He envisions a future shaped by agent-first computing, where users engage naturally with a personal agent that orchestrates other specialized agents and resources to fulfill users’ requests, and is actively developing technologies that bring this vision closer to reality.

Steven holds degrees in electrical engineering (Virginia Tech) and bioengineering (University of Washington).

A lifelong inventor, he has spent decades pushing the boundaries of human-computer interaction.  As a graduate student, he created the Mothmobile—a hybrid robot steered by a moth’s neural signals—that drew worldwide media attention.  During a summer internship at Microsoft in 1997, he invented the world’s first consumer device to use inertial sensors for gesture control—the Sidewinder Freestyle Pro game controller.  Ever since, he has remained at the forefront of innovation, blending insights from diverse fields to elevate the user experience.

In 2001 he coined the term “surface computing” to describe a new class of device that he conceptualized—the Surface table—which was the first augmented-reality multi-person device to use multi-touch and object recognition.  He later co-invented display-integrated camera technology, making Surface Table 2.0 the world’s first computer-vision-based large flat-panel computer.

That work spawned the present line of Surface tablets, laptops, and new form factors, for which ASG continues to be an innovation engine.

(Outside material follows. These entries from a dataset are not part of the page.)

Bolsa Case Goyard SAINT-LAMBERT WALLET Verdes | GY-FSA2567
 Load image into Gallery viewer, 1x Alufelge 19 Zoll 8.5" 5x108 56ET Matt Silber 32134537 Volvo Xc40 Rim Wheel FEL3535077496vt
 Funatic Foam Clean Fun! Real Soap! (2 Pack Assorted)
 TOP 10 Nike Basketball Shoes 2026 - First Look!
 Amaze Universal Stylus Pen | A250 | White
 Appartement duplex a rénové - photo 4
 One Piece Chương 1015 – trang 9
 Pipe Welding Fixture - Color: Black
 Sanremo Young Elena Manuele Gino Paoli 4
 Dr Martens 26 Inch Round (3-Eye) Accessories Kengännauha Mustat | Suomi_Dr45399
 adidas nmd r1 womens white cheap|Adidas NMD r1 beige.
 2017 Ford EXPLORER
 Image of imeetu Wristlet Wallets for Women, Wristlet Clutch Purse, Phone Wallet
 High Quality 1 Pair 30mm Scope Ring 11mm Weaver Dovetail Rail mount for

Beyond hardware, his cross-disciplinary expertise in software, display tech, algorithms, and sensing has shaped Microsoft’s device strategy.  But his proudest achievement is building ASG, a group now comprising more than 240 specialists across labs in seven countries.  United by a culture of creative freedom, they collaborate across fields and disciplines to solve difficult problems holistically.

Steven holds more than 120 patents.  A Microsoft Technical Fellow and a SID Fellow, he has been recognized as an innovator by Discover, IEEE, and Virginia Tech.  He is a frequent speaker at international conferences and a distinguished lecturer, and his work has been featured in both technical publications and popular media.

Steven enjoys playing basketball, spending time with his wife and daughters, and applying a researcher’s passion to his quest to brew the perfect cup of coffee.